To appreciate a tigelle sandwich, first, you need to understand the bread. It originated in the Apennine Mountains, near Modena, Italy, according to National Geographic, at a time when farming families would bake the evening bread together over a fire. These families would bake balls of dough called crescentine in clay molds that were known as tigelle (per Art Viva). The tigelle molds would be hot when the dough was placed in them, and then they would be stacked on top of one another, which would make baking the bread even faster, according to National Geographic.
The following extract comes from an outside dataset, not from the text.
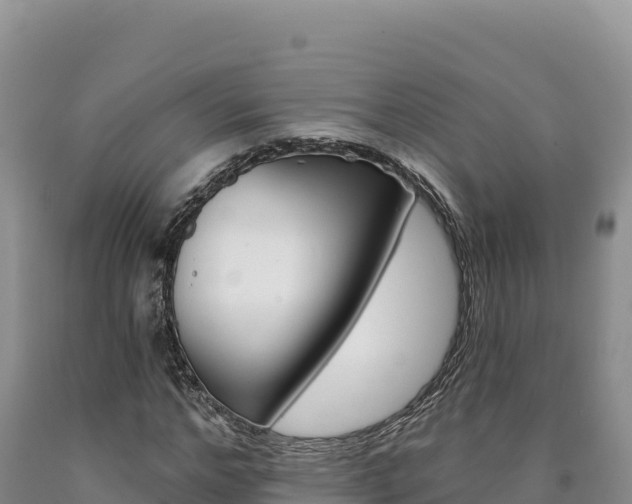 X0000090890968200707271035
After removing the bread from the molds, it would be divided and covered with a topping similar to pesto and cheese. 

Eventually, the bread became known simply as tigelle (but some people still refer to it as crescentine). The first time tigelle was written about was in the 13th century under the oversight of Emperor Frederick II, the Stupor Mundi, according to Philosokitchen. Tigelle is primarily a regional food in Italy, found in Emilia-Romagna. The cities of Bologna and Modena are located in Emilia-Romagna. After defeating the area, the ruler fell in love with the popular regional dish.

How to make tigelle bread

Long gone are the clay pots and open hearth used to make tigelle. Nowadays, the bread is made in iron or aluminum presses, which like the old clay molds, are often decorated with a symbol, such as a flower, so the design is pressed into the bread as it bakes, according to National Geographic. A recipe for tigelle from Silvio Cicchi calls for flour, cold water, milk, lard (which can be replaced with extra virgin olive oil), yeast, and salt. The lard and milk are used in order to keep the tigelle soft for days after it has been baked. However, American chef Nathan Anda prefers to use olive oil, which he said gave his tigelle the right texture for the sandwiches he wished to make, which included prosciutto and other toppings.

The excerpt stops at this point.